* **EXERCISE PROMPT**
Extract every entry word for word.

Records from a collection

►

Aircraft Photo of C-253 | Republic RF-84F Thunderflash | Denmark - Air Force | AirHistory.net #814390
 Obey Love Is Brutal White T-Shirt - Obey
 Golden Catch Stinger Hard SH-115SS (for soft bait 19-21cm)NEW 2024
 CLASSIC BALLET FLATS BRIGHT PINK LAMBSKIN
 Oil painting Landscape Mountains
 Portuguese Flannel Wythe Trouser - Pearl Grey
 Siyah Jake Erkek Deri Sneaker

◄

* **ANSWER**
Aircraft Photo of C-253 | Republic RF-84F Thunderflash | Denmark - Air Force | AirHistory.net #814390
 Obey Love Is Brutal White T-Shirt - Obey
 Golden Catch Stinger Hard SH-115SS (for soft bait 19-21cm)NEW 2024
 CLASSIC BALLET FLATS BRIGHT PINK LAMBSKIN
 Oil painting Landscape Mountains
 Portuguese Flannel Wythe Trouser - Pearl Grey
 Siyah Jake Erkek Deri Sneaker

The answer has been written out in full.